Now that Cadillac has been designated a core brand for the new General Motors, expect to see a rush of new vehicles bearing the traditional wreath-and-crest.
Eventually, Cadillac wants to have a line of cars that matches Mercedes-Benz, BMW, and Audi, with models that come in small, medium, and large sizes. That would give Cadillac a range that faces off against Mercedes’ C-, E-, and S-class, or BMW’s 3-, 5-,and 7-series.
For now, Cadillac only has the CTS in the center of its lineup. The larger Cadillac STS has been an underperformer; ditto for the smaller Saab-based Cadillac sold in Europe.
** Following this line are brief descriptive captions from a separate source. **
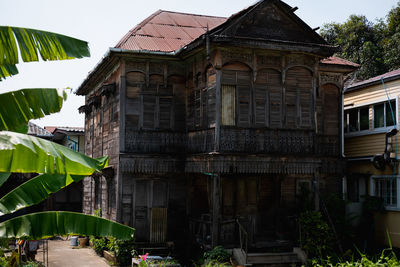 Low angle view of buildings against sky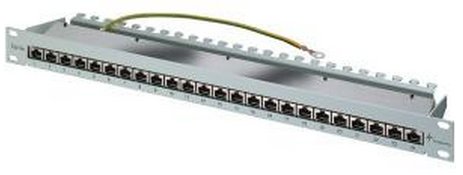 Telegärtner Karl Gärtner Telegärtner MPP24-HS - Patch Panel - CAT 5e - STP - RJ-45 X 24 - Hellgrau, RAL 7035 - 1U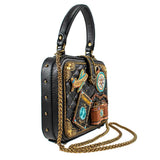 Bucket List Top Handle Travel Handbag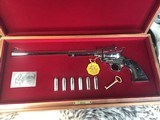 Colt Ned Buntline Commerative New Frontier 12”, .45 Colt, Presentation cased, Nickel. Trades Welcome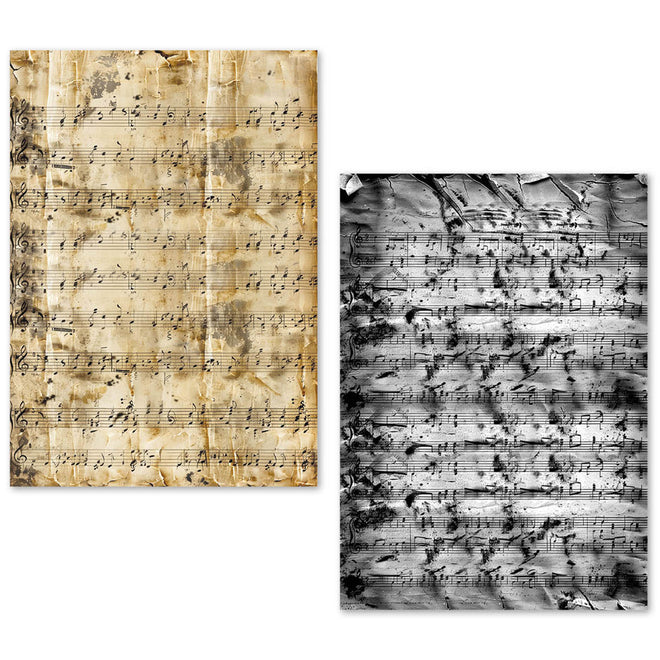 A5 Tissue Paper Set – 24 Sheets Music Sheet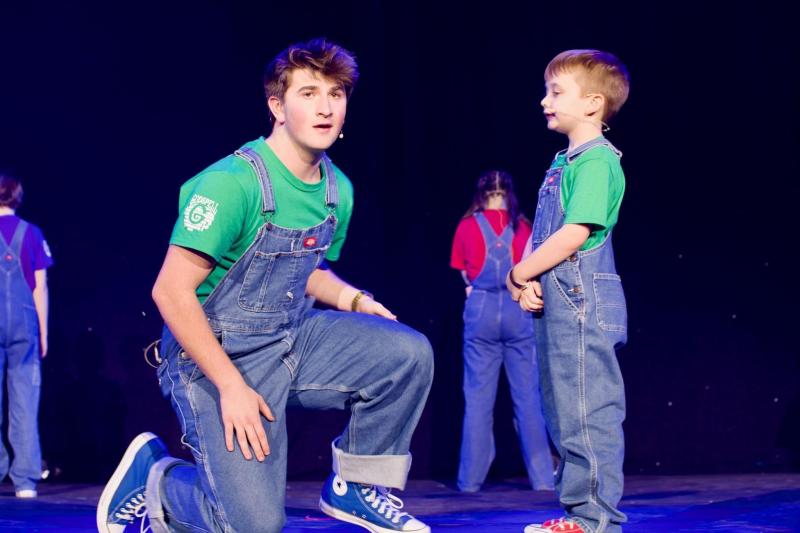 Trey Tibbetts and Oscar Mirabile perform the beginning of "Prepare Ye," the song the judges asked Y Arts to perform in front of the entire festival with over 6,500 attendees. Emily Mirabile photo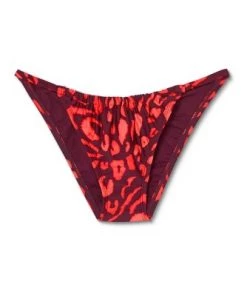 Wholesale 🔥 Women's Cheeky Bikini Bottom - Shade & Shore™ Red Animal Print ⌛ -Swimsuits Official Site unnamed file 2198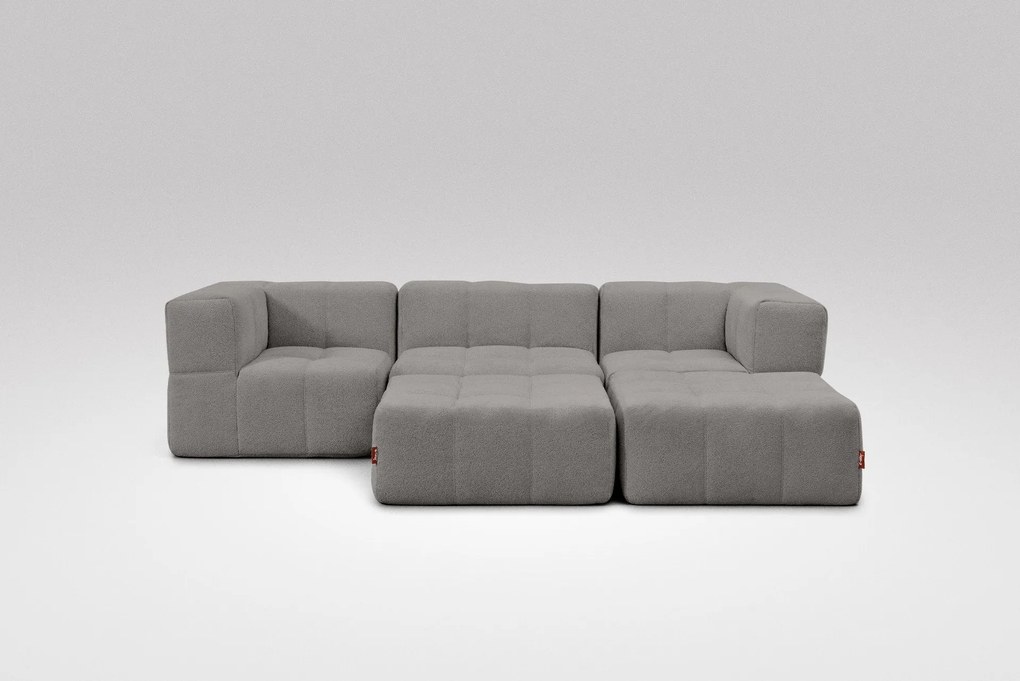 5 Dílná Modulární Pohovka – Šedá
But Cadillac isn’t waiting for the new cars to arrive. A pair of more utilitarian Cadillacs, both new to the brand, will show up at dealers this summer.
The old SRX nameplate has been grafted onto a new vehicle, a mid-size crossover SUV that shares its platform with an upcoming Saab. The sticker on my test vehicle was $37,735.
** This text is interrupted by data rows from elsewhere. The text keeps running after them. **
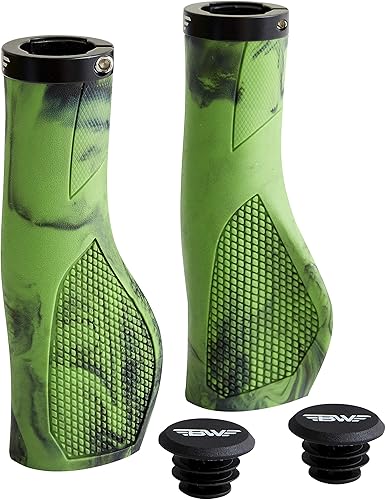 Ergo-Lock 2.0 Grips - Puños de manillar de bicicleta MTB con bloqueo doble - Múltiples opciones de color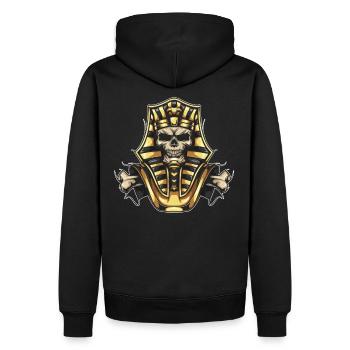 Cadeau de l'Égypte égyptienne du pharaon Anubis - Sweat à capuche Premium bio Homme - noir - Dos - Nico (187cm)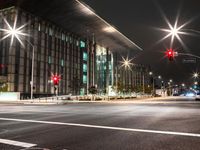 Long Beach Nightlife: City Lights and a Gloomy Sky in California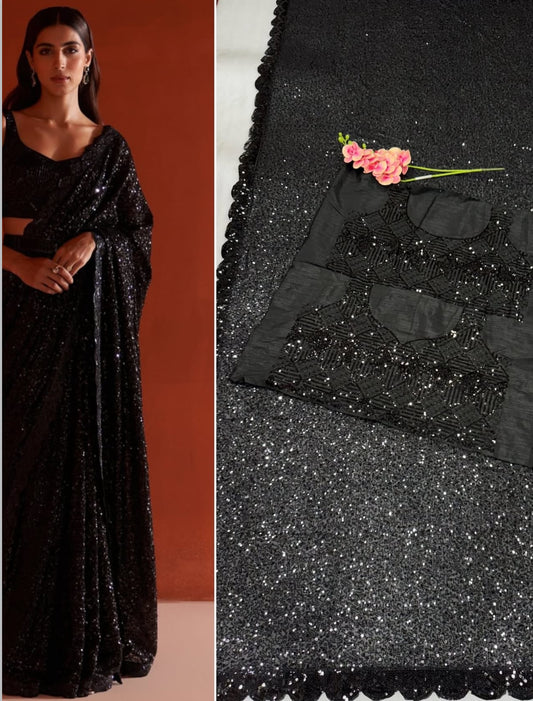 |Bollywood insipired Black Saree Party wear| NAIRA by Sareewala ✨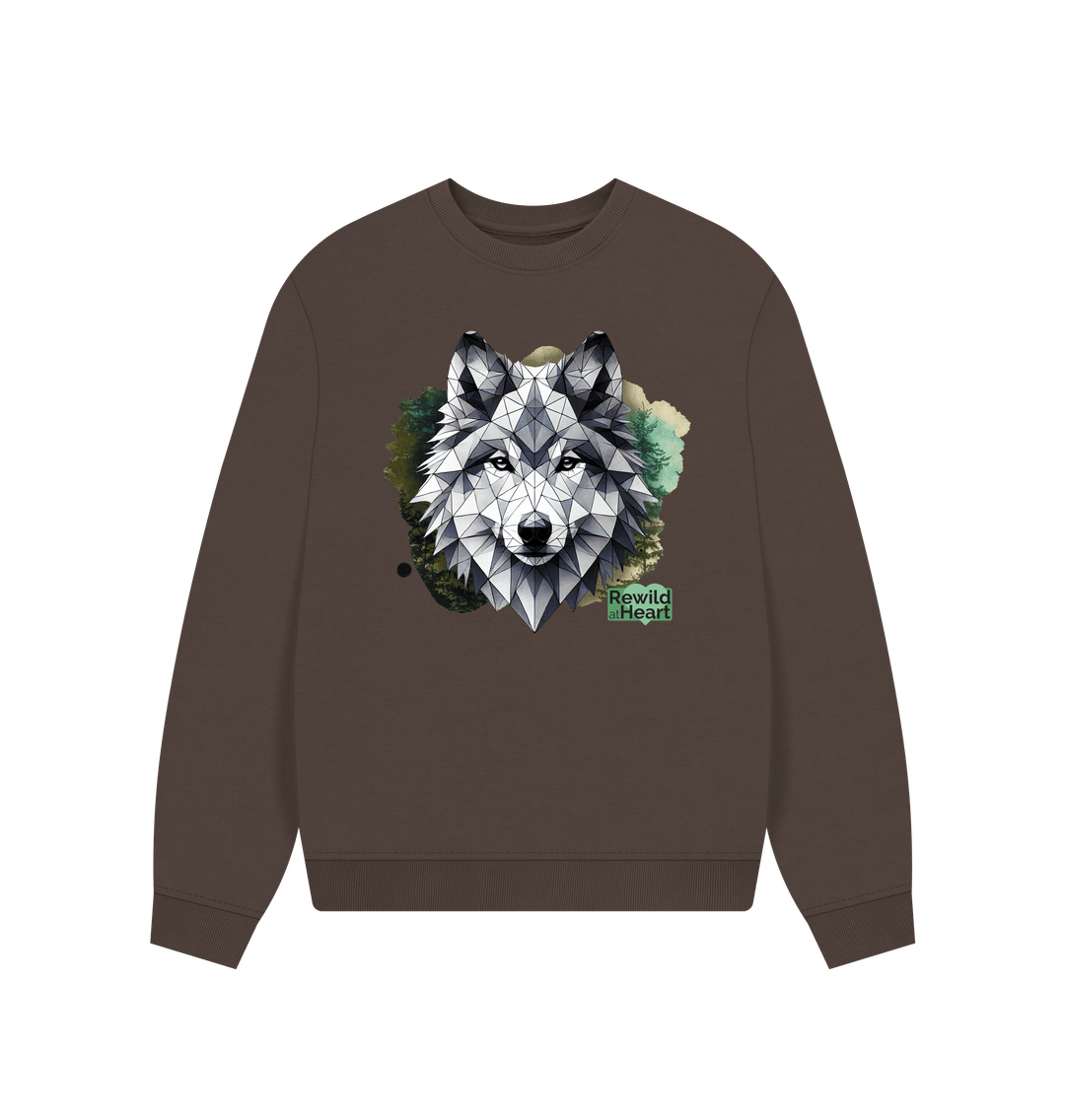 Chocolate Wolf Wilderness Women's Oversized Jumper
But there is no mistaking the identification of the brand, given the thick layering of Cadillac styling cues — chrome and chrome-finished trim inside and out, flashy fender vents, and so on.
In fact, the Cadillac stylists may have overdone it. The SRX wears as much bling as an extended-length Escalade but has far less space in which to display it.
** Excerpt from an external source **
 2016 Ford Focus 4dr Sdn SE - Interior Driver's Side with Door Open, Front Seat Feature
The base 260-horsepower 3.0 V-6, which the SRX shares with the Chevy Equinox, doesn’t do much to give the vehicle a distinctive personality either, providing only adequate power and atmospherics — and adequate fuel economy: 18 mpg city/25 mpg highway.
By comparison, the Sport Wagon seems perfectly comfortable in its Cadillac finery. For my money, this is the sharpest looking CTS variant. The sharp angles of the roof rack and the rear window complement the jutting front grill.
This is also a Cadillac that can get out of its own way. The standard engine is a 3.6 liter, 304-hp, V-6 that provides plenty of oomph.
Surprisingly, the close fit of the Sport Wagon body sacrifices little in the way of cargo room to the SRX. It has 25 cubic feet of space behind the rear seat and 121 cubic feet overall, vs. 29 cu. ft. and 129 cu. ft. overall for the crossover.
I did miss a start-stop button on the CTS; because the platform is older, it still has the ignition switch mounted on the steering column.
Pricing is unavailable at this time, But the CTS Sport Wagon is my favorite of the Cadillac carryalls — and my favorite Cadillac overall — in almost every way.